Critique | Imago de Déni Oumar Pitsaev, 2025 | Semaine de la Critique


Au cours d’une conversation en forêt avec son père qu’il n’avait pas vu depuis des années, Déni-Oumar lui explique que l’imago est le stade de développement d’une larve adulte, juste avant la mue, et que si elle ne réussit pas à se transformer, toute sa descendance sera bloquée dans un état larvaire. La caméra s’attarde alors sur les mains des deux hommes, ayant respectivement atteint la quarantaine et la septantaine, qui jouent nerveusement avec des branches comme des enfants qui ne savent plus où se mettre lorsque la discussion se fait difficile, lorsque les tabous d’une relation douloureusement vécue refont surface. Peut-être leur faudrait-il un endroit pour pleurer, comme la bibliothèque qu’un cousin a conçue comme telle dans sa maison, loin des regards. Car c’est bien évidemment le regard des autres qui construit et renforce le système social viriliste tchétchenne depuis l’intérieur de la famille en particulier (dans cette relation père-fils, notamment), puis de la communauté en général (l’injonction à faire famille, à se reproduire, à créer une maisonnée), et empêche de « sortir du lot » et de son lotissement.
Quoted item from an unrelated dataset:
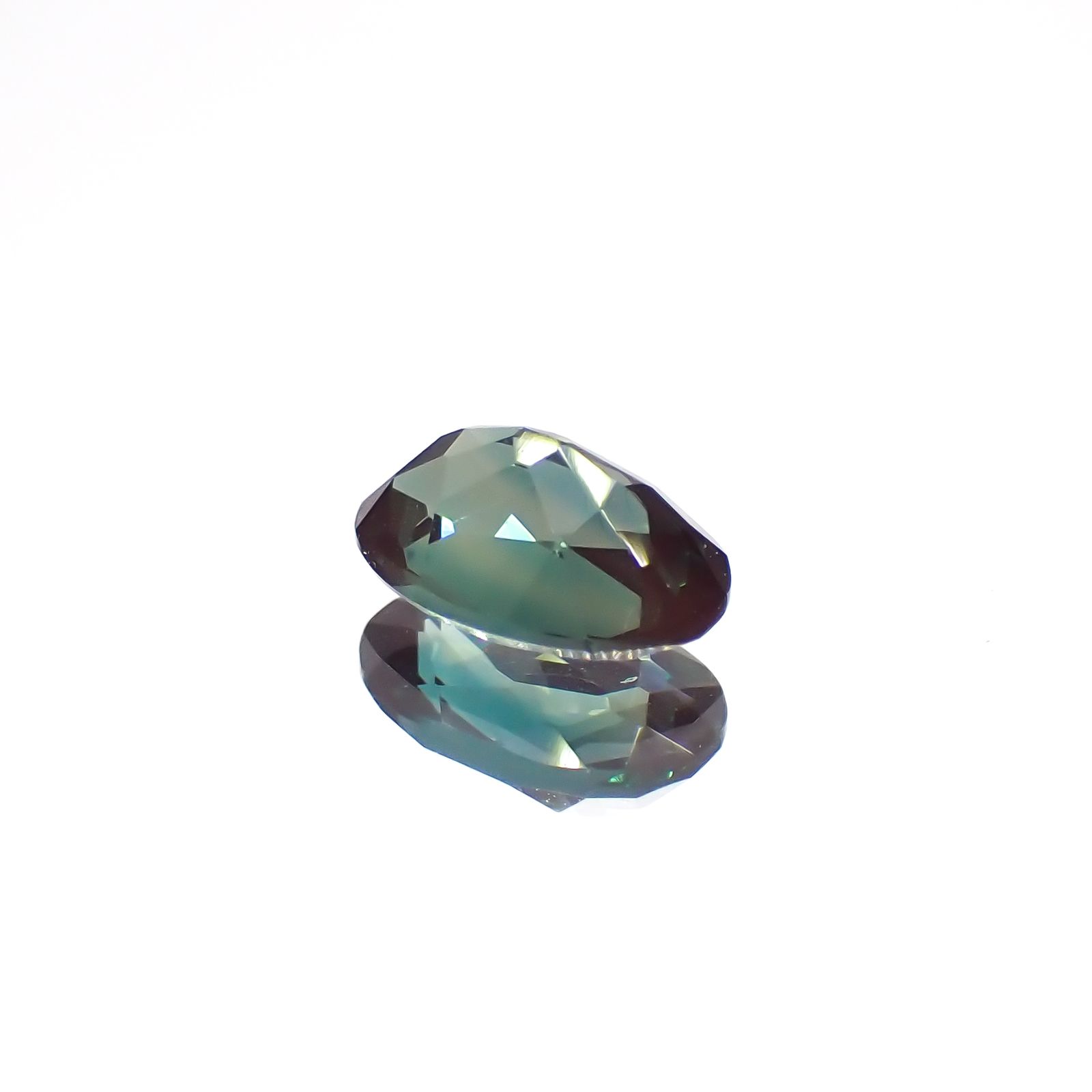 カラーチェンジアンデシン モンゴル産 0.42ct[230421472]6x3.9mm前後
D’enfants, il en était question dans la séquence précédente, alors que tous les proches de Déni étaient réunis sur le terrain vierge acheté pour lui par sa mère en Pankissi (région géorgienne proche de la Tchétchénie, dont le réalisateur est originaire). Voyage autobiographique dans une terre qu’il n’a jamais connue mais dans laquelle sa famille éloignée l’accueille comme s’il était l’enfant de cette contrée, il s’agit pour le réalisateur de venir découvrir le lieu où tout le monde attend de lui qu’il batisse sa future maison pour sa future femme et son futur fils, comme son cousin Daoud. Ce qui travaille le peuple tchétchenne dans le film (premier film de ce peuple présenté à Cannes au travers une co-production internationale) est la question de la trace qu’on laisse, en réaction au trauma d’une guerre qui les a exilés. Bâtir sur une terre et fonder une famille (en moyenne 4-5 enfants par famille selon Daoud) est le moyen conventionnel qui, selon son père, « donne sens » à une vie alors même que celui-ci n’a jamais essayé de retrouver sa femme et son fils après leur départ. Faites ce que je dis, pas ce que je fais. Déni, lui, choisit de faire un film et de recueillir les mots qui lui ont toujours manqué pour se construire un souvenir de son père qui ne soit pas une illusion idéalisée née de l’absence, d’une trace effacée.

Le film réussit à dépasser l’egotrip thérapeutique et la petite histoire de famille par l’apparition directe de son réalisateur dans l’image, cadré par une tierce personne qui détermine lui-même ce qu’il veut montrer des discussions structurant le film (Déni a-t-il laissé la métamorphose de l’imago-film aux soins de ses monteurs ?) : des paysages, un enfant qui boit, des sourires contrits de femmes qui débattent entre elles de ce qu’est la liberté et de si elles l’ont été dans leur vie. En décentrant le point de vue, le spectateur entend mieux toutes les prises de positions qui sont revendiquées, n’adopte pas uniquement le regard surplombant du réalisateur et le voit pour ce qu’il est, un enfant blessé qui parle depuis sa souffrance, depuis le trauma de son peuple. À l’image de son père. Et peut-être un jour de son fils.